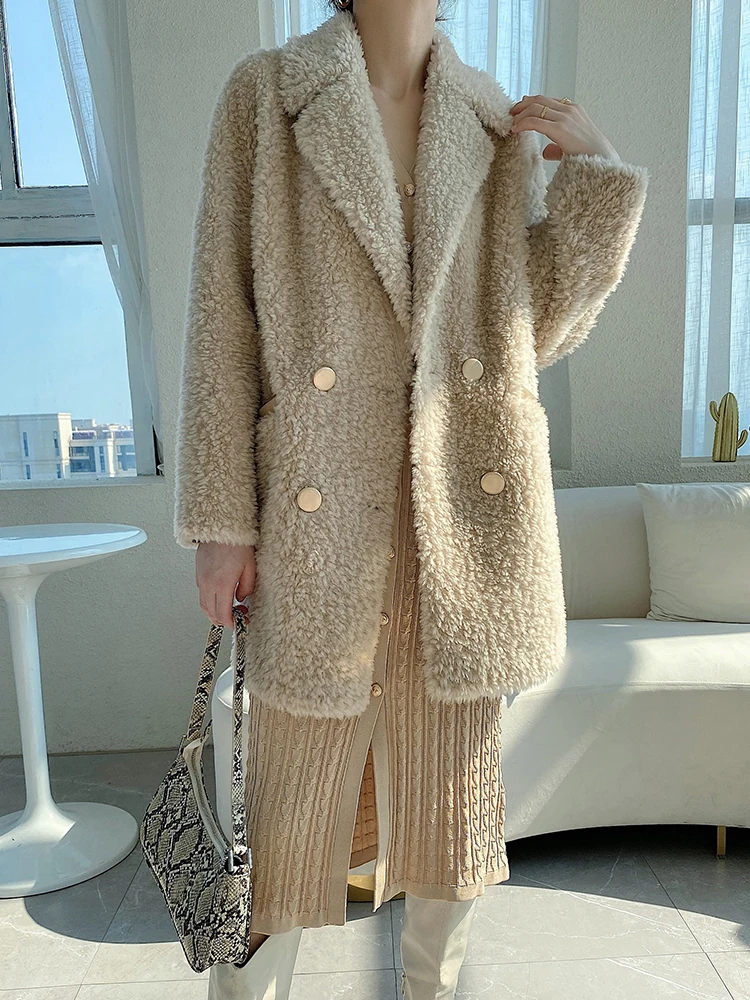 Women Fashion Natural Wool Fur Coat 2021 New Winter Warm Jacket Mid Length Shearling Jacket Woman Clothing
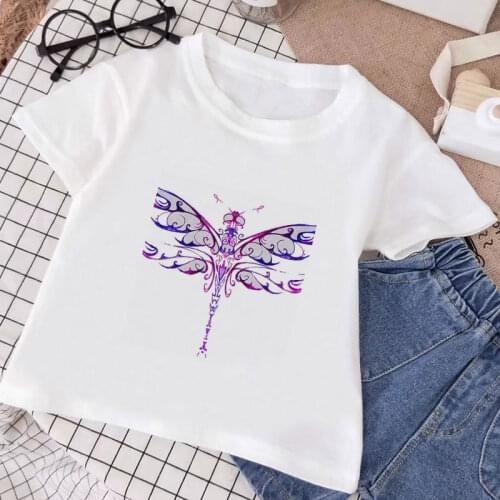 2021Arrivals Baby Kids Tops Girl Clothes Casual Butterfly Dragonfly Christmas Tree T-shirt Children Boys Short Sleeves Fashion
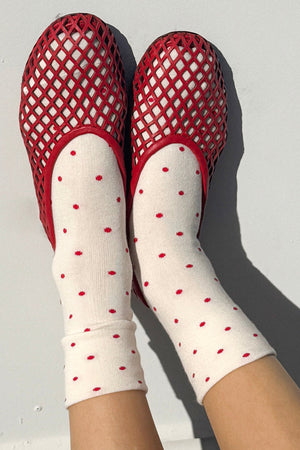 Sneaker Socks - Cream/Red Polka Dot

**What this task involves:** Take the line with "2021Arrivals Baby Kids" and each line after it through the end of the material above, and reproduce them exactly, without the pictures.

**Answer box:**
 2021Arrivals Baby Kids Tops Girl Clothes Casual Butterfly Dragonfly Christmas Tree T-shirt Children Boys Short Sleeves Fashion
 Sneaker Socks - Cream/Red Polka Dot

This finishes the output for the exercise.